Mentre si abbassano molte serrande di panifici, in Lessinia nasce un piccolo forno. Tra gli ingredienti che non possono mancare, oggi, nel portare avanti un'attività come questa, è indispensabile la passione. Da mescolare però a una buona dose di spirito di iniziativa e al coraggio di lasciare strade già percorse da altri per intraprendere sentieri meno battuti.
Partire piano piano
In luoghi affatto scontati, come la piazza di Badia Calavena, dove Marco Scipolo e la compagna di vita Antonella Salatino a gennaio hanno deciso di aprire il loro «Forno del vajo». Al momento dal mercoledì al sabato, la mattina: partenza «in sordina», dicono, in vista dell'inaugurazione, il 14 maggio. È il profumo del pane a indirizzare verso la porta della bottega: un tripudio di colori, forme, fragranze.
Qui la coppia (che è di casa a Mezzane) sforna pagnotte, baguette, ciabattone, focacce, pane in cassetta, fatti con segale o farro monococco, arricchito di semi integrali, impreziosito di olive o miele, verdure, frutta secca o candita. Dipende dalla stagione e dalla fantasia.
Percorsi diversi che si incontrano
Antonella si è occupata per anni di marketing. Oggi è passata al banco, accoglie con il sorriso i clienti, cura le consegne a domicilio, rifornisce le rivendite. Marco, che lavora tuttora come agente di commercio, appare a suo agio tra impastatrice, pasta madre e farina biologica, pur non avendo mai fatto esperienza in un panificio tradizionale.

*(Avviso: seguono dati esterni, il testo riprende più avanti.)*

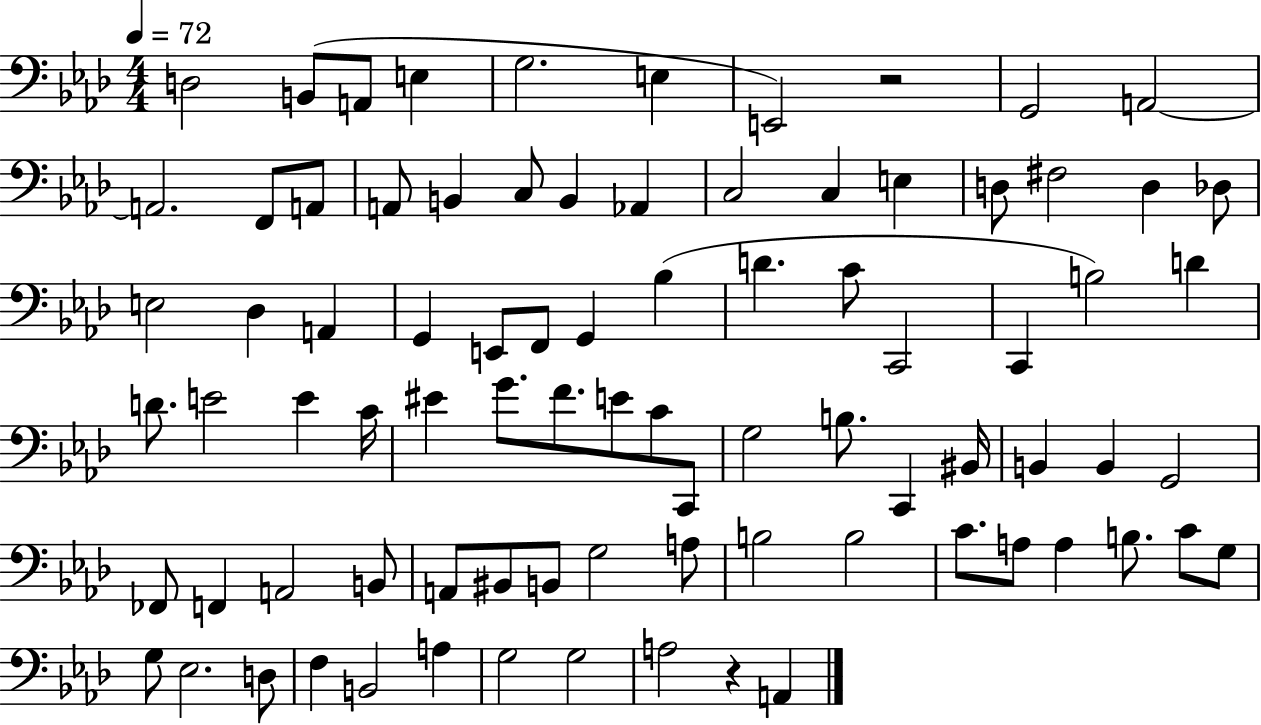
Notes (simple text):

D3/h B2/e A2/e E3/q G3/h. E3/q E2/h R/h G2/h A2/h A2/h. F2/e A2/e A2/e B2/q C3/e B2/q Ab2/q C3/h C3/q E3/q D3/e F#3/h D3/q Db3/e E3/h Db3/q A2/q G2/q E2/e F2/e G2/q Bb3/q D4/q. C4/e C2/h C2/q B3/h D4/q D4/e. E4/h E4/q C4/s EIS4/q G4/e. F4/e. E4/e C4/e C2/e G3/h B3/e. C2/q BIS2/s B2/q B2/q G2/h FES2/e F2/q A2/h B2/e A2/e BIS2/e B2/e G3/h A3/e B3/h B3/h C4/e. A3/e A3/q B3/e. C4/e G3/e G3/e Eb3/h. D3/e F3/q B2/h A3/q G3/h G3/h A3/h R/q A2/q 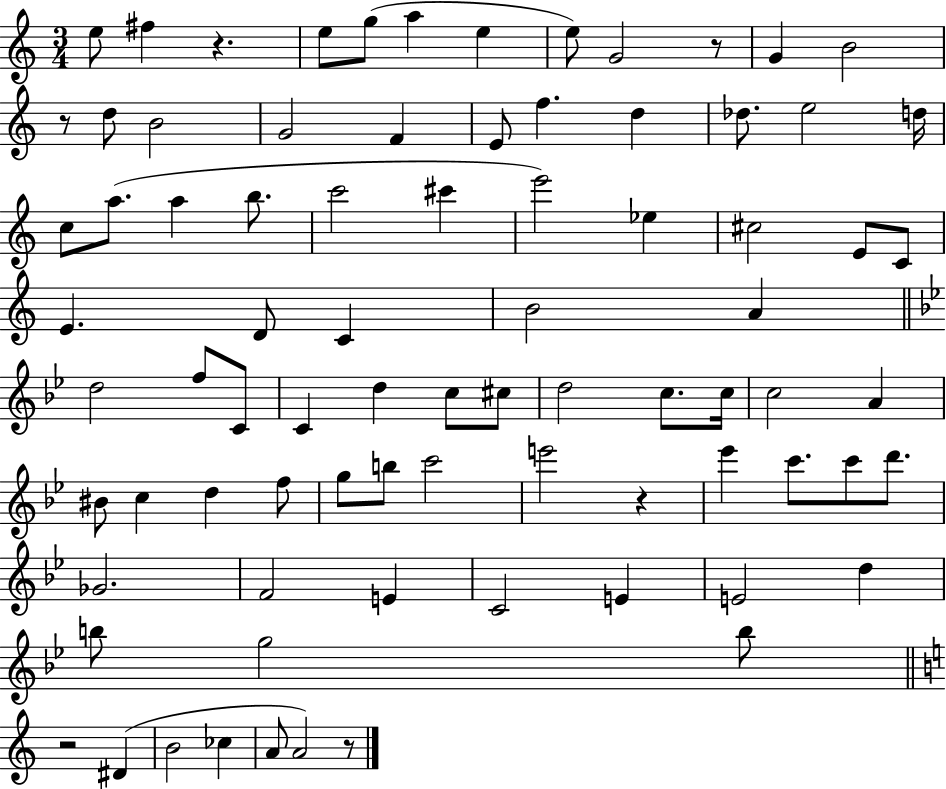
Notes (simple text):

E5/e F#5/q R/q. E5/e G5/e A5/q E5/q E5/e G4/h R/e G4/q B4/h R/e D5/e B4/h G4/h F4/q E4/e F5/q. D5/q Db5/e. E5/h D5/s C5/e A5/e. A5/q B5/e. C6/h C#6/q E6/h Eb5/q C#5/h E4/e C4/e E4/q. D4/e C4/q B4/h A4/q D5/h F5/e C4/e C4/q D5/q C5/e C#5/e D5/h C5/e. C5/s C5/h A4/q BIS4/e C5/q D5/q F5/e G5/e B5/e C6/h E6/h R/q Eb6/q C6/e. C6/e D6/e. Gb4/h. F4/h E4/q C4/h E4/q E4/h D5/q B5/e G5/h B5/e R/h D#4/q B4/h CES5/q A4/e A4/h R/e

Prima di affondare le mani negli impasti, ha frequentato un corso di panificazione contemporanea, ha studiato e sperimentato tanto, con l'obiettivo di far lievitare nel modo giusto il suo progetto. Senza fretta perché è un mestiere che richiede tempi lunghi di lievitazione (fino a 40 ore) e procedimenti accurati.
I segreti del panificio
«Così azzeriamo gli sprechi ed è possibile», svela uno dei suoi segreti, «ottenere un prodotto più buono, gustoso, facile da digerire e che mantiene le sue caratteristiche fino a dieci giorni». Se ben conservato nel suo sacchetto e, nel frattempo, non si cede alla tentazione di sbocconcellarne tutto il contenuto.
Amore a prima vista
Con il paese è stato amore a prima vista: «Abbiamo trovato una comunità attiva e accogliente nella quale», precisa Antonella, «potevamo raccontare una storia di aria pura, prodotti del territorio, ingredienti selezionati con cura e rispettando la stagionalità». Una filosofia a cui si sono avvicinati attraverso i Gruppi di acquisto solidale e declinata nell'azienda di famiglia.

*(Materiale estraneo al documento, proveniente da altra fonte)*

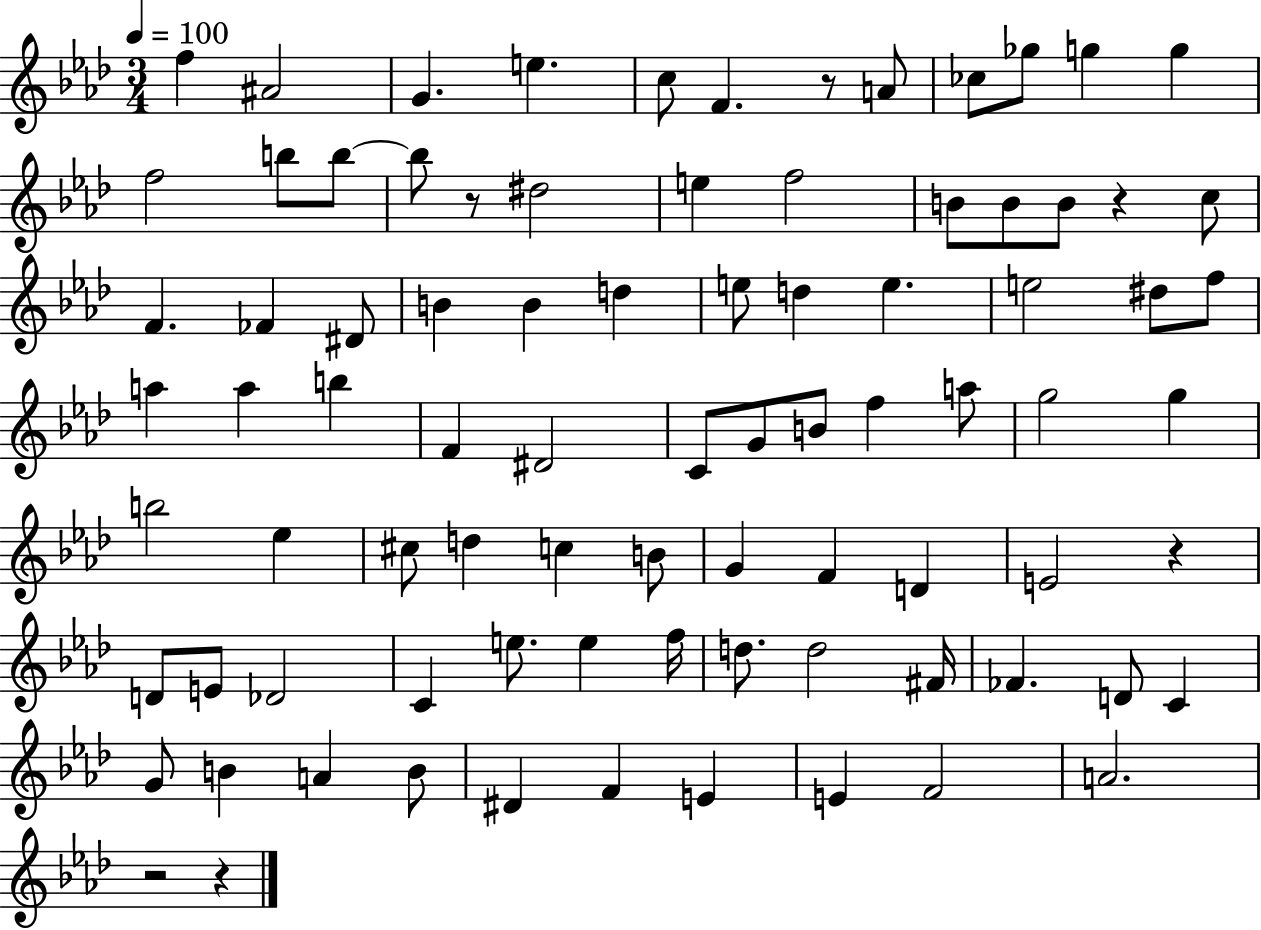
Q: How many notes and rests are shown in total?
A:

Alla base c'è anche ricerca sulla provenienza del grano e delle farine. Consapevolezza che diventa indispensabile per un pane che sembra quello di una volta ma racchiude un messaggio molto attuale di attenzione alla sostenibilità e alla filiera di provenienza, con un approccio critico al consumo che mira alla riduzione degli sprechi.
Dalla pizza al pane
Alla nascita del figlio Martino, che ora ha 2 anni e mezzo, «l'idea era aprire una pizzeria al taglio, attività in cui avrei potuto coinvolgere Antonella», spiega Marco. Di mezzo s'è messo il destino quando il corso sulla pizza che doveva frequentare è stato annullato. Quindi ha optato per uno sulla panificazione.
«Lì ho capito cosa dovevo fare», ricorda il 38enne che si è subito messo sulla strada di creare un futuro diverso per sé e i familiari. Mentre parla, segue meticolosi passaggi. Da farine amalgamate all'acqua, ecco impasti di vario genere: sono accarezzati e riposti in apposite forme, manipolati a caldo per attivare la fermentazione e messi a riposare per ore, in attesa di essere inseriti nel forno fino alla perfetta doratura. Ci vuole pazienza, lascia intendere il mastro panificatore, che produce da solo poco meno di 3 quintali di pane a settimana. Ma quando sul banco le baguette appena sfornate «cantano», e riempiono la stanza di profumo, le tante energie profuse sono ripagate.